__Recorded information__.
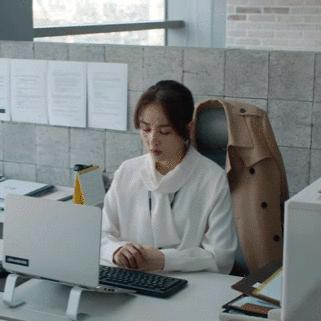 沉浸在韩剧《七个我》情节中：探讨多重人格的故事和人生选择。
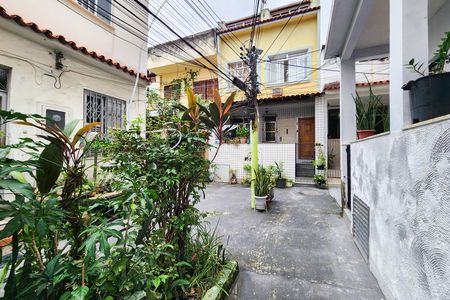 Casa de condomínio à venda com 80m², 2 quartos e sem vaga Casa de condomínio à venda com 80m², 2 quartos e sem vagaÁrea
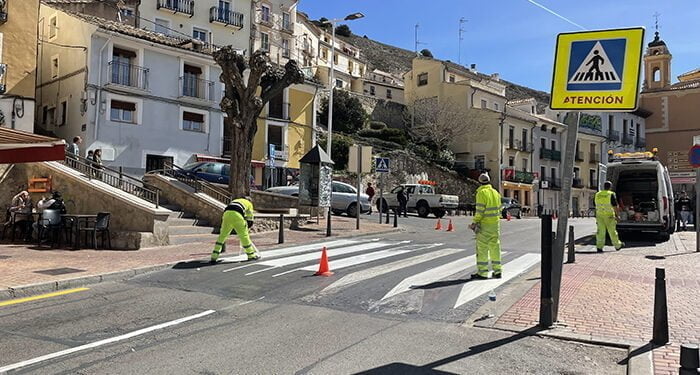 Avanzan los trabajos de repintado de la señalización vial por las avenidas de San Ignacio de Loyola y Los Alfares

__Problem description__.
From the line containing "e sem vagaÁrea" through the last line of the listing, inclusive, transcribe every line exactly and nothing else; the pictures stay out.

__Output for this exercise__.
 Casa de condomínio à venda com 80m², 2 quartos e sem vaga Casa de condomínio à venda com 80m², 2 quartos e sem vagaÁrea
 Avanzan los trabajos de repintado de la señalización vial por las avenidas de San Ignacio de Loyola y Los Alfares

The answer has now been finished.